Andrea Kelly has too many balls in the air. With three children and a “nuts” mother to care for, her fiancé can’t fathom why she wants to throw something else into the mix and change her career. Surely she already has too much on her plate? Because her plates are skew-whiff and her balls are dropping off all over the place, Andrea points out. She needs to make changes. Still her fiancé, who has a hidden agenda, is dead-set against it.
When Andrea’s house burns mysteriously to the ground and Andrea and her entourage are forced to move in with the enigmatic Dr Adams, however, the village drums soon start beating, fuel aplenty when it turns out someone does know him – the woman carrying his baby.
We’re introduced to David and son Jake on their first night together. Their relationship needs re-building and he realises he doesn’t know his son at all. This is a fresh start for them.
Andrea lives opposite and we’re introduced to her chaotic family life as she is arguing with fiancée Jonathan. They arrange to meet that night but Andrea is left waiting as he doesn’t arrive. Approaching home she realises it’s her house on fire and is gripped with utter terror and panic.

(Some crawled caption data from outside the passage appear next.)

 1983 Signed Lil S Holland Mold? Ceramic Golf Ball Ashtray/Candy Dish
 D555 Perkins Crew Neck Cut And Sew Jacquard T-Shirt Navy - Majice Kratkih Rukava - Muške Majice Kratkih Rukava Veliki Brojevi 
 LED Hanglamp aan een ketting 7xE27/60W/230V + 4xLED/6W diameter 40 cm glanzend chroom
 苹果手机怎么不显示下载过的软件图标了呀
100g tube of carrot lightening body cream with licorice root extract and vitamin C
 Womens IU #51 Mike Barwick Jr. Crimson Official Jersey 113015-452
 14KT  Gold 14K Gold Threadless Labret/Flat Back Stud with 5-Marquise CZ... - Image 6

This is so vivid I felt the despair and could almost smell the smoke! With no sign of Jonathan, David steps up and offers his home as a sanctuary.
I love it when a character changes from that first impression. It didn’t take me too long to start to change my mind about Jonathan … Sheryl Browne plants that seed of doubt. The more I got to know Jonathan, the more I was sure about my suspicions.

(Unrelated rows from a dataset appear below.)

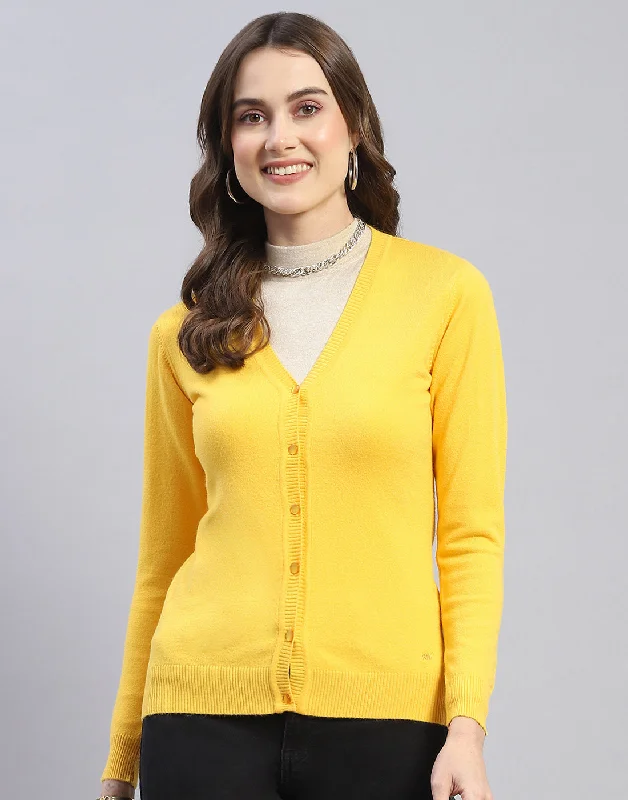 Women Yellow Solid V Neck Full Sleeve Cardigan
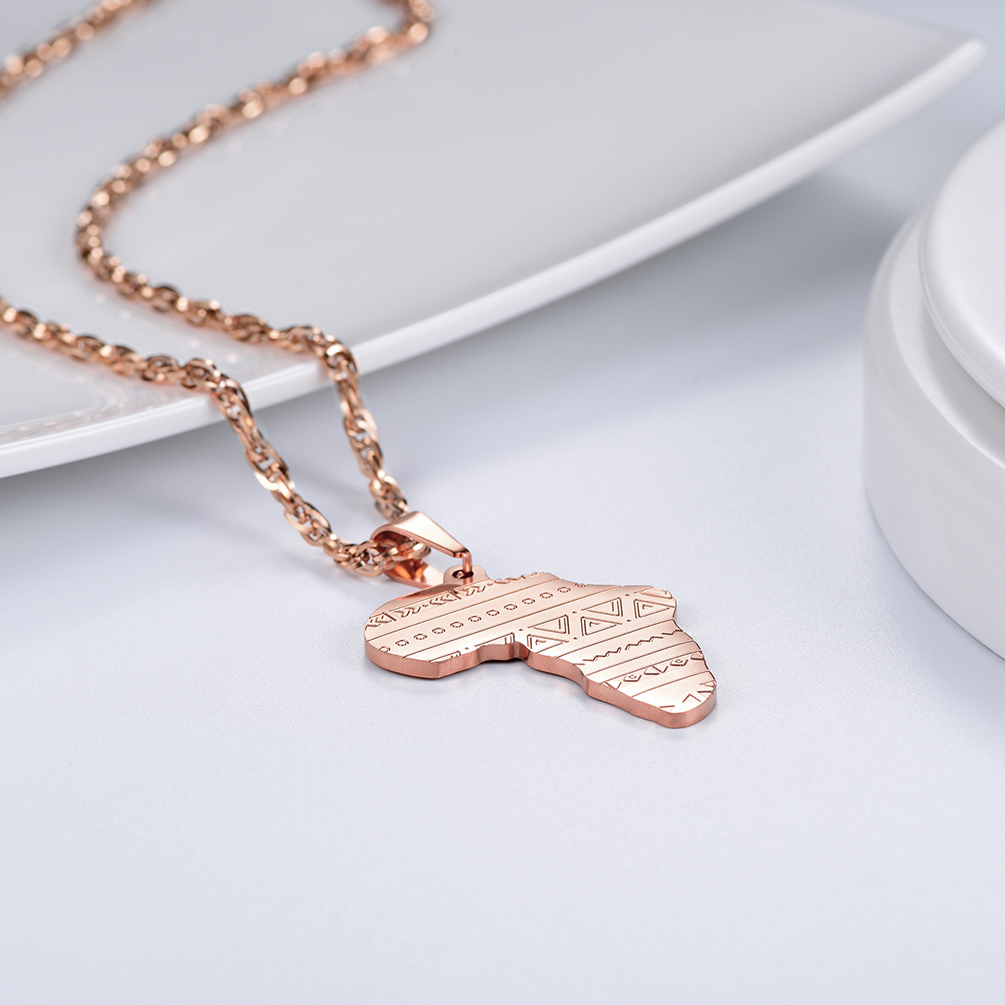 Africa Pendant Necklace Rose Gold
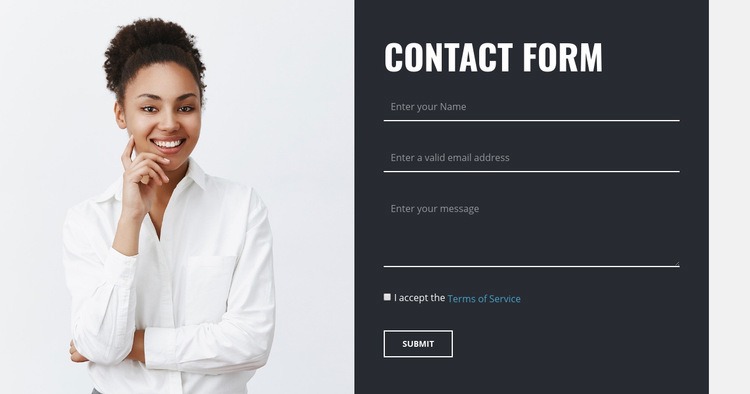 Contact form with image Web Page Design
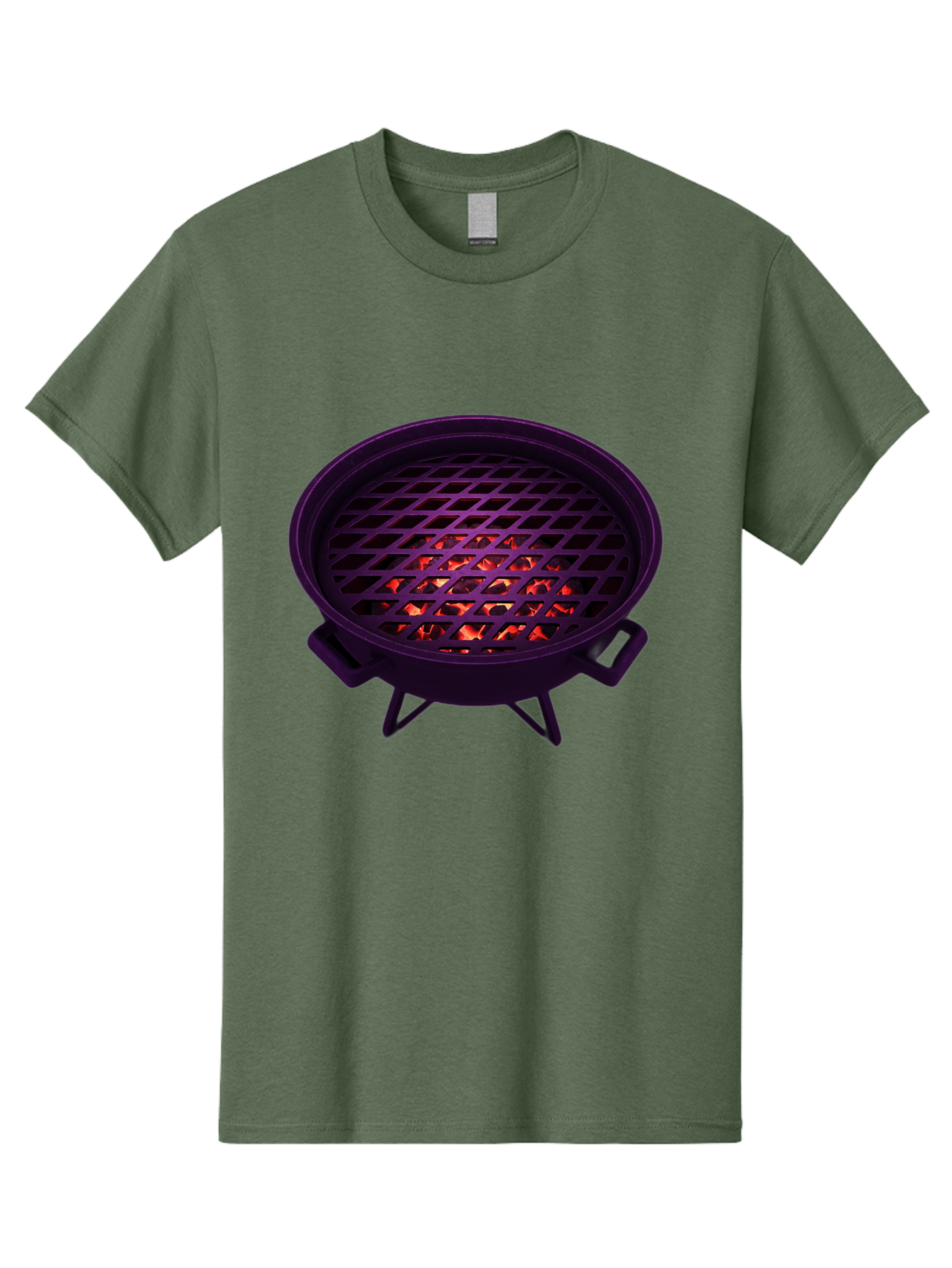 Fire-Pit Men'S Graphic Tee, 100% Cotton, Comfortable Casual Summer Wear, Machine Washable, Fire Pit, Grill Grate, Burning Coals, Outdoor Cooking, Camping Gear, Barbecue, Grill, Outdoor Fire Bab903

The teenagers were brilliantly portrayed with their angst and their slang language. It was great to see the positive effect the families had on each other after David took Andrea and her brood in. I particularly loved how Ryan affected Jake and how that impacted on his relationship with his dad.

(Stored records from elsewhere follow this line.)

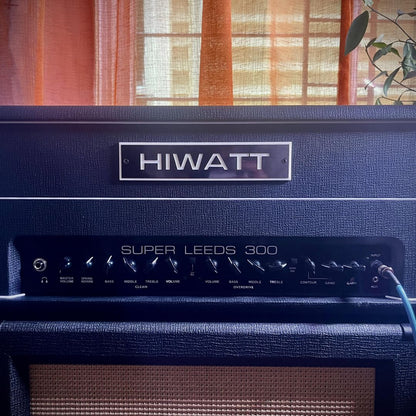Close up front view of Hiwatt Super Leeds 300R Guitar Amplifier Head on top of speaker cab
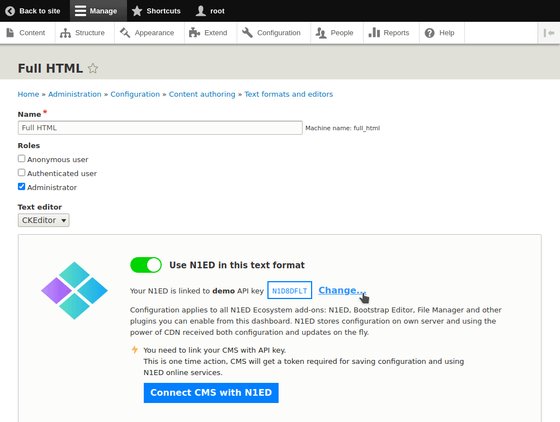 The N1ED panel in the Full HTML text format settings of Drupal 8, with the API key and the Change link
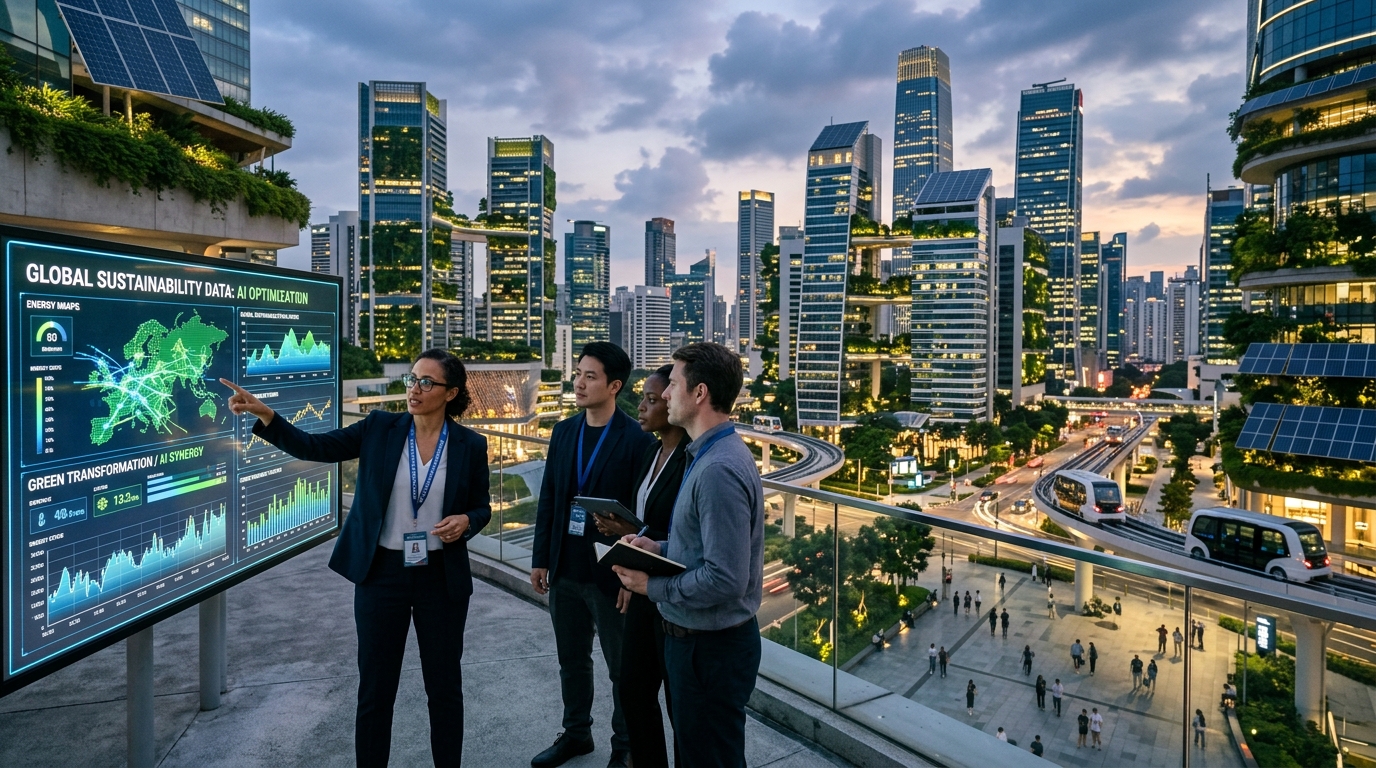 Digital representation of Artificial Intelligence integrated with green energy and sustainable infrastructure.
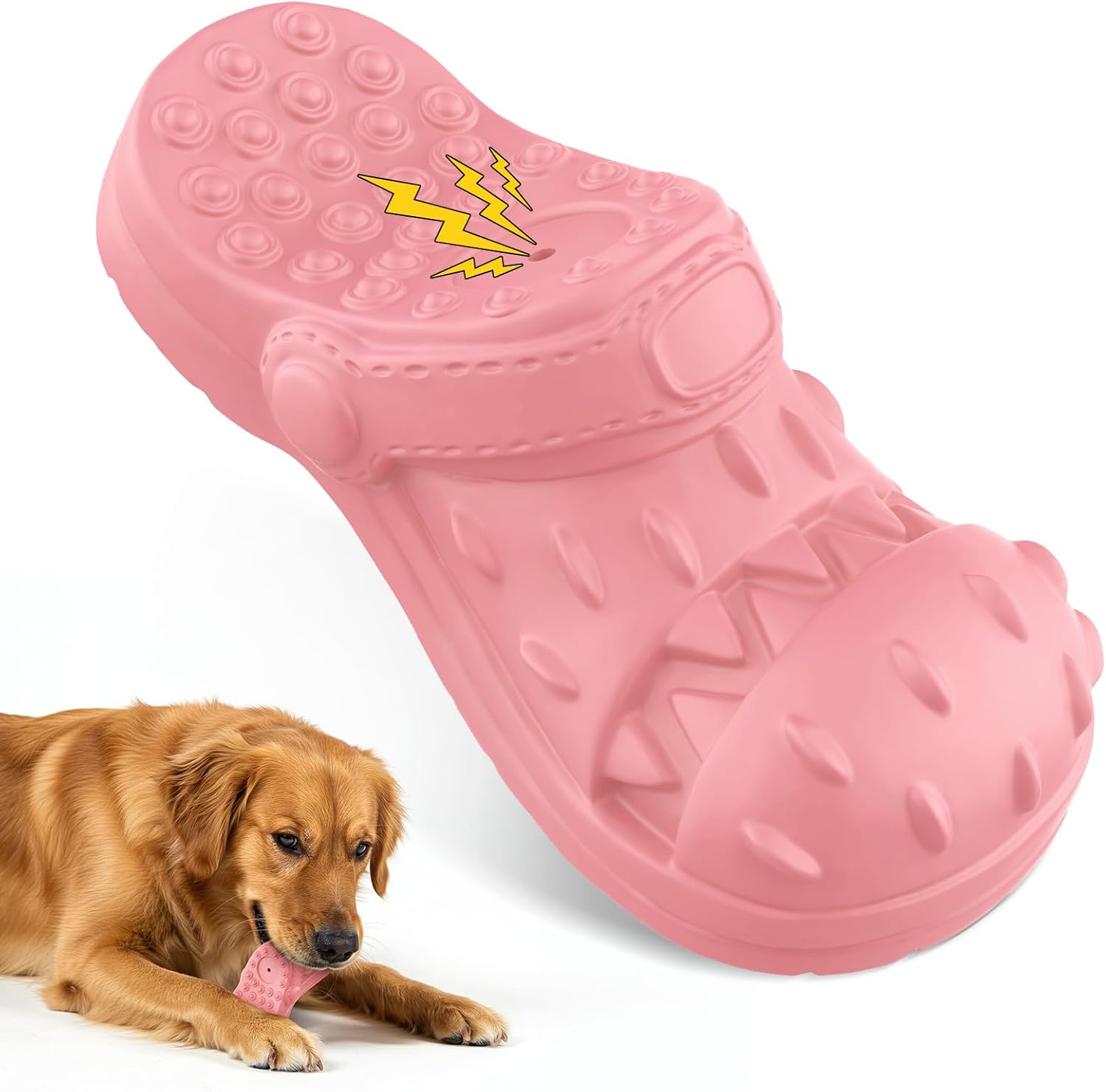 RUXAN Jouet pour Chien qui Couine en Caoutchouc Naturel — Saveur bœuf, 17 x 7,6 x 6,6 cm, pour tous les chiens (Rose)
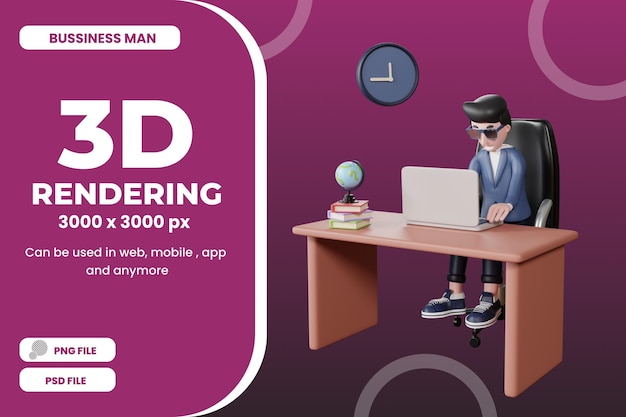 Homem de negócios de renderização 3d trabalha na ilustração de mesa psd premium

The confrontation itself was very tense (it’s not a romantic confrontation). I wasn’t sure which way things were going to go. I loved that I wasn’t sure of the outcome! As my heart was pounding I was thinking … would there be a death? Would there be more hearbreak?
Grief and the emptiness of loss is explored sensitively and with realism both for GP David and his son Jake but also with Andrea’s friend Sally. I really felt their emotions and could understand why they chose the actions they did.
The romance also brought a conflict of emotions. The children’s well-being was put first and I loved these characters for doing this.
Learning to Love is fast paced and engaging. Not only does the romance sizzle but we see family life in all its shades of grey sprinkled with humour and sadness … and there is an element of suspense and fear. What a combination!
I would like to thank the author for providing an ecopy in exchange for an honest review.